◆ **ABOUT THIS TASK**
Beneath this line is the data. Output exactly the lines from the line with "Chazoku Okumidori 35g" to the line with "Regular Fit UV Protect Golf Polo Shirt", both ends included, and nothing more.

◆ **SUPPLIED ENTRIES**
───

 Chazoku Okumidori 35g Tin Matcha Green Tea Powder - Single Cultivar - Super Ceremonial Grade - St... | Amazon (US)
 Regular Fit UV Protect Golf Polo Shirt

───

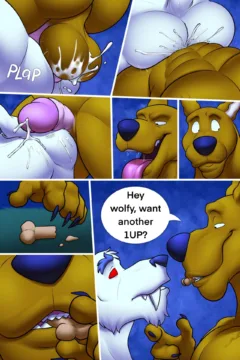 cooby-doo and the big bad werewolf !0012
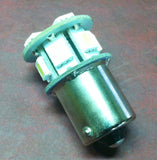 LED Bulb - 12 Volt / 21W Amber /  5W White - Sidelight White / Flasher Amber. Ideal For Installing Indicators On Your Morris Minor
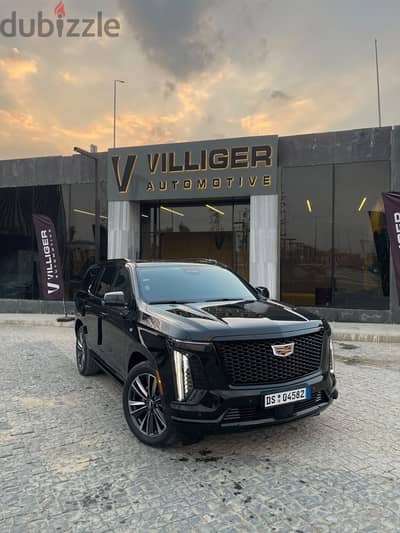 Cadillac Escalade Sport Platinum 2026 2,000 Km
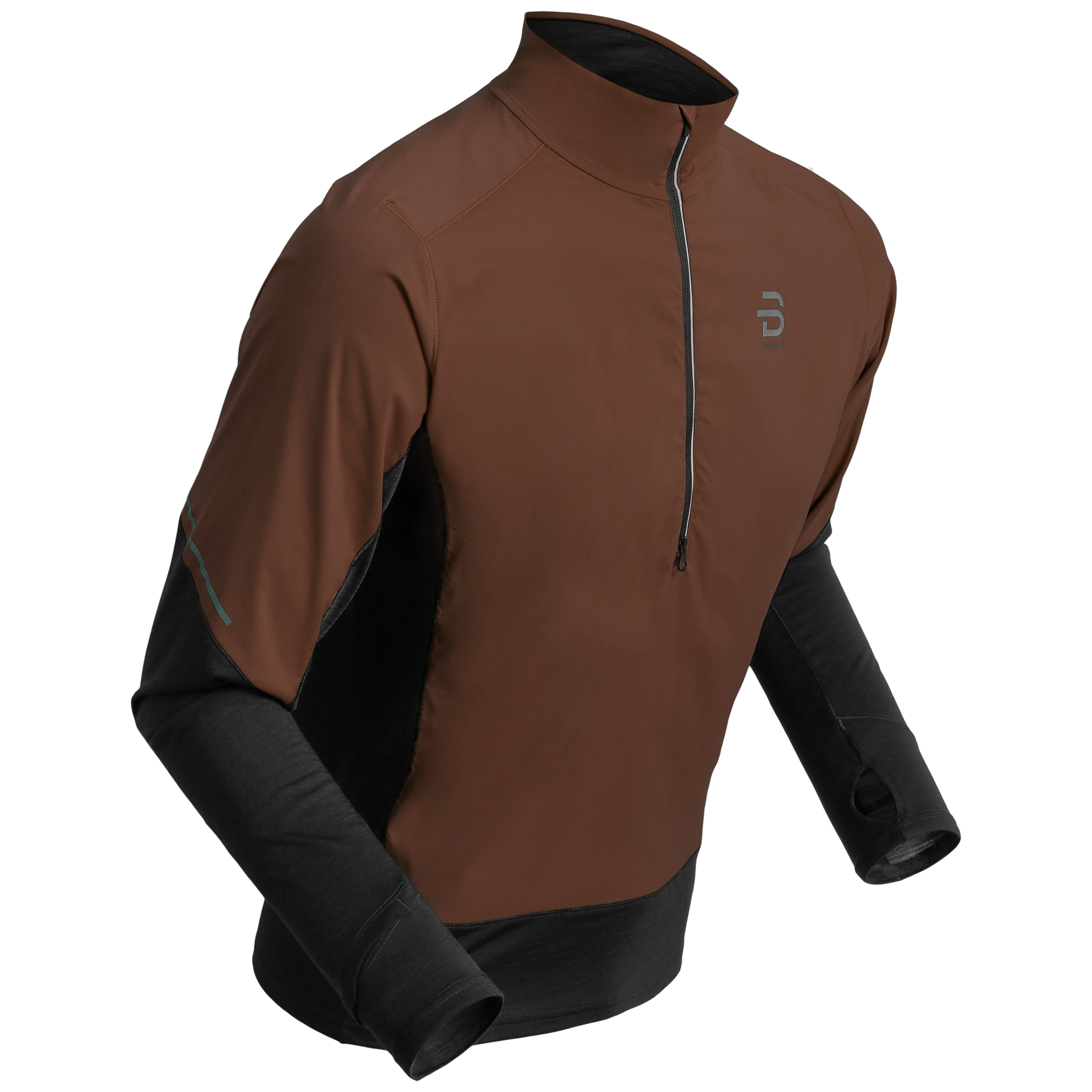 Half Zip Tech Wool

───

◆ **TASK OUTPUT**
 Chazoku Okumidori 35g Tin Matcha Green Tea Powder - Single Cultivar - Super Ceremonial Grade - St... | Amazon (US)
 Regular Fit UV Protect Golf Polo Shirt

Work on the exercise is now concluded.